It took me two babies and a three and half year old who did not want to potty train to consider cloth diapering.  After realizing that my son never knew when he was wet or dry I began to panic.  My third baby was on the way and there was no way I was going to change three sets of diapers a day.  We were already paying  about one hundred and fifty dollars a month on diapers.  I admit we were a bit snobby about brands and only bought Pampers, but this was a lot of money.  If one chooses to buy an all in one cloth diaper such as the Flip diaper system, or even Fuzzi Bunz one size, the diaper cost in covered in a couple of months.  If one chooses to buy perfect sized diapers it might seem as if cloth diapers cost the same.  There are also prefolds and flats that cost next to nothing considering the cost of disposable diapers.  Regardless of the perfect diaper system for the perfect family, I am enjoying a lot of the hidden bonuses that come along with cloth diapering.
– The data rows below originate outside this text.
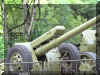 D-30_Russia_Howitzer_18.jpg (157145 bytes)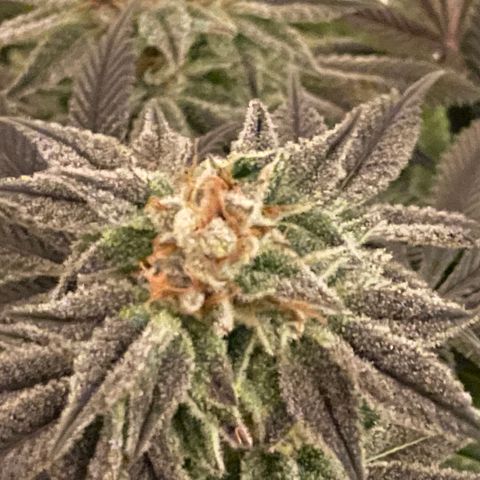 Mint Orbit #2 growlog timeline photo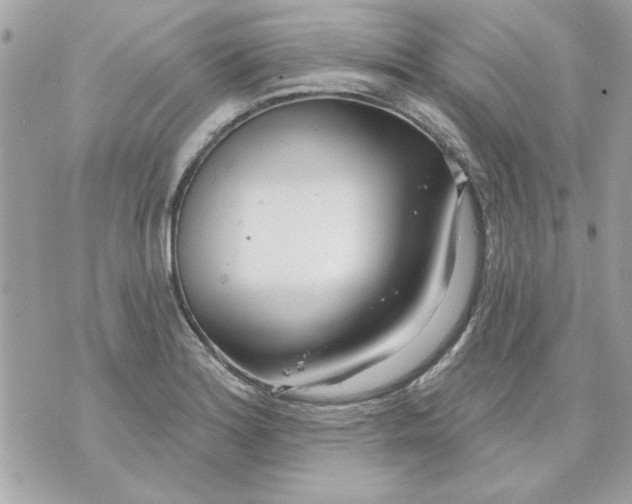 X0000070881180200607071940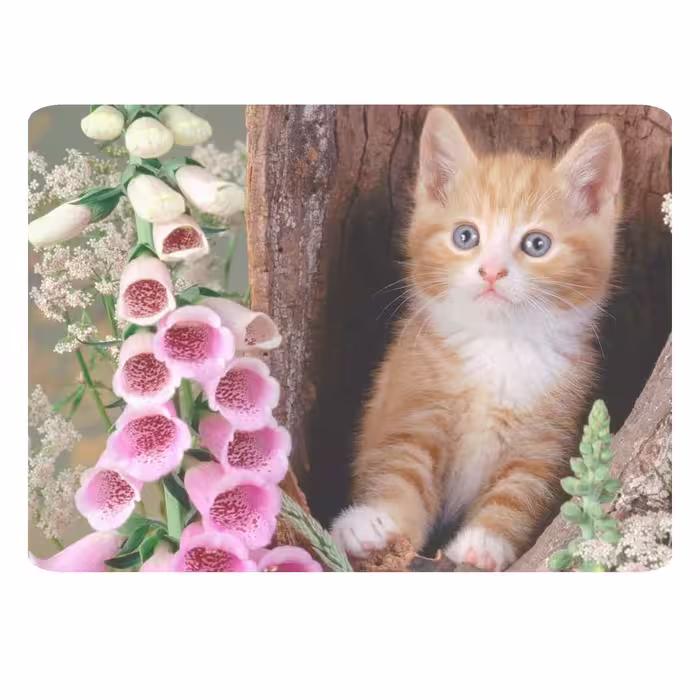 ماوس پد طرح گربه کد B423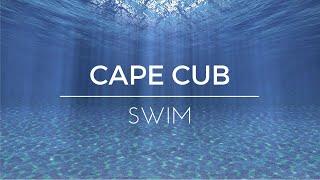 [LYRICS] Cape Cub - Swim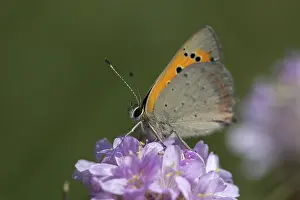 Pterygote Insect Images Prints: Moth, small moth, Lycaena phlaeas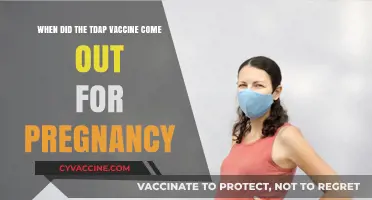 When Did the Tdap Vaccine Become Available for Pregnant Women?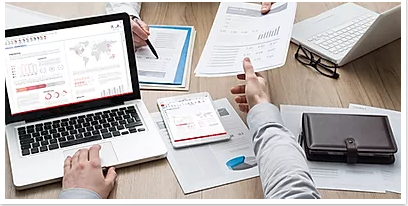 Document Translation Services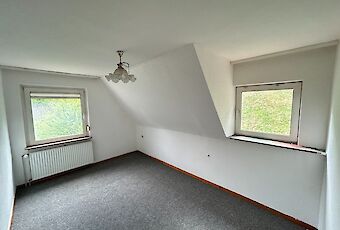Zimmer DG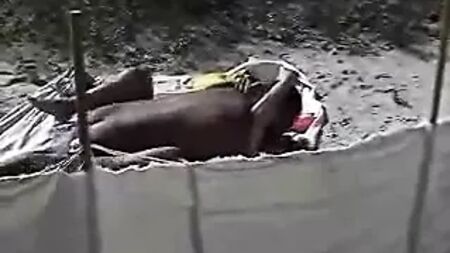 vacation couple (cuckold)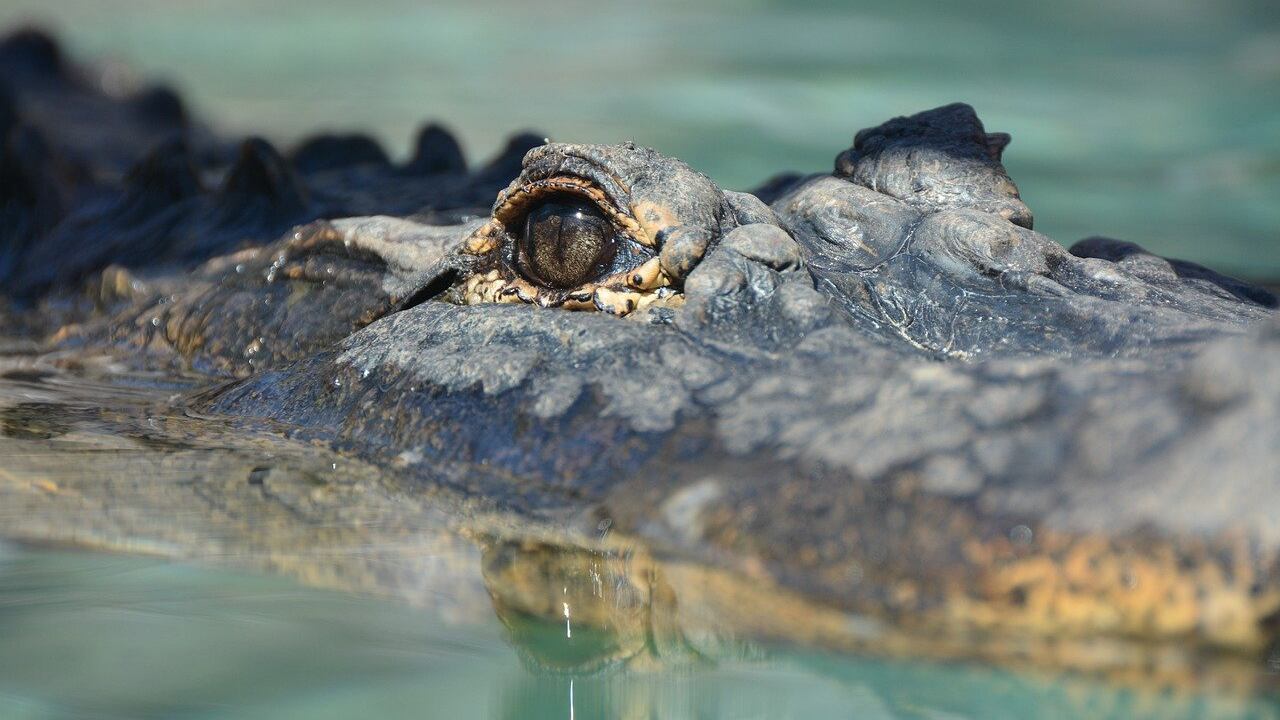 Cocodrilo / Pixabay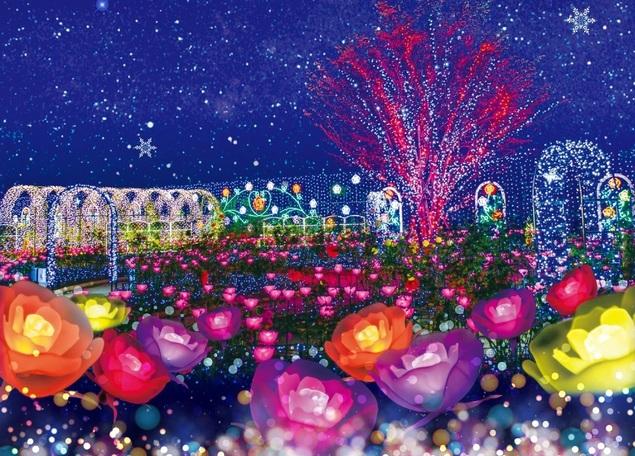 足利花卉公園「光之庭園」燈飾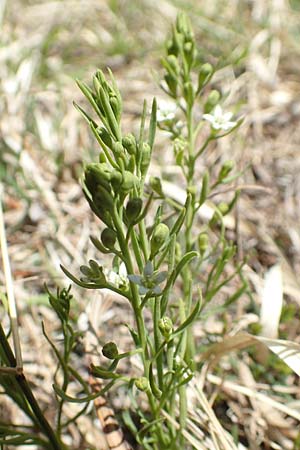 Thesium pyrenaicum \ Pyren�en-Bergflachs, Pyren�en-Leinblatt / Pyrenean Bastard Toadflax, D Mittenwald 2.5.2019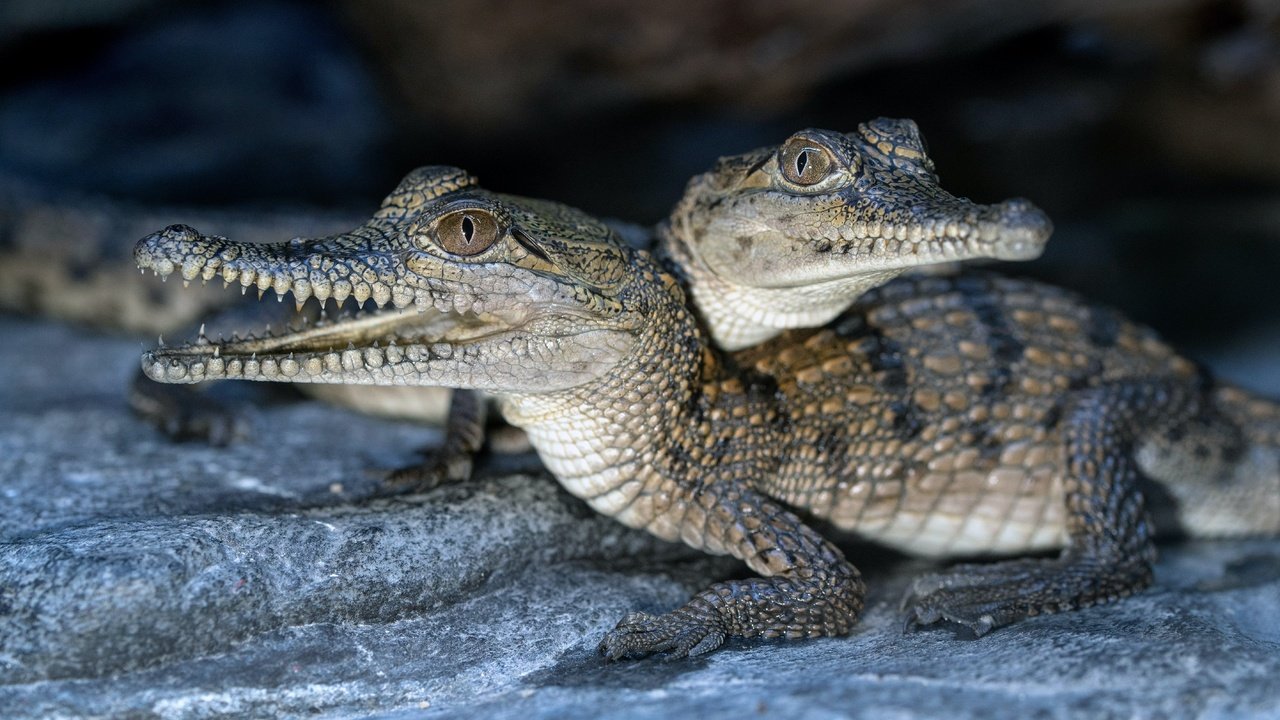 Обои пара, два, крокодил, крокодилы, детеныши, pair, two, crocodile, crocodiles, cubs разрешение 5678x3696 Загрузить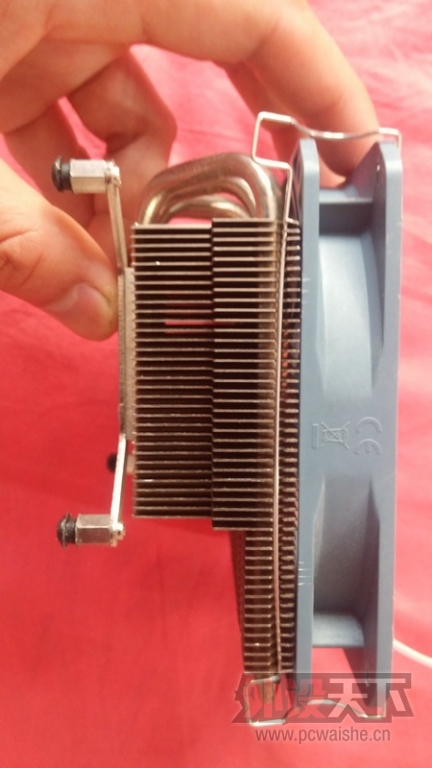 ����ɽ���������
My third child is already aware of his potty needs and started to become aware around eighteen months old instead of three years old.  This is amazing because I would love to have him potty trained by the time my fifth child is born.  Once again I am in the zone of possibly having three babies in diapers.  We also have the option of our trash not smelling terrible.  There have been times when I thought we would be in some serious trouble if we missed trash day.  Diapers take up over half our trash can when I have two kids in them.   Washing diapers every couple of days prevents stink in the house.  What can I say I am hooked.

Once one is no longer afraid of cloth diapers there is so much to consider.  Diapers can be purely functional or super cute.  I am having fun looking at colors, styles, and the many different kinds of diapers.  After becoming familiar with different styles I have begun to make my own diapers and accessories.  It is pretty addictive.  I tend to enjoy making things anyway, but diapers are easy to make and one can always use a couple more diapers.  Maybe cloth diapering has kept the process of changing babies for six years more fun.  It definitely distracts me from poop.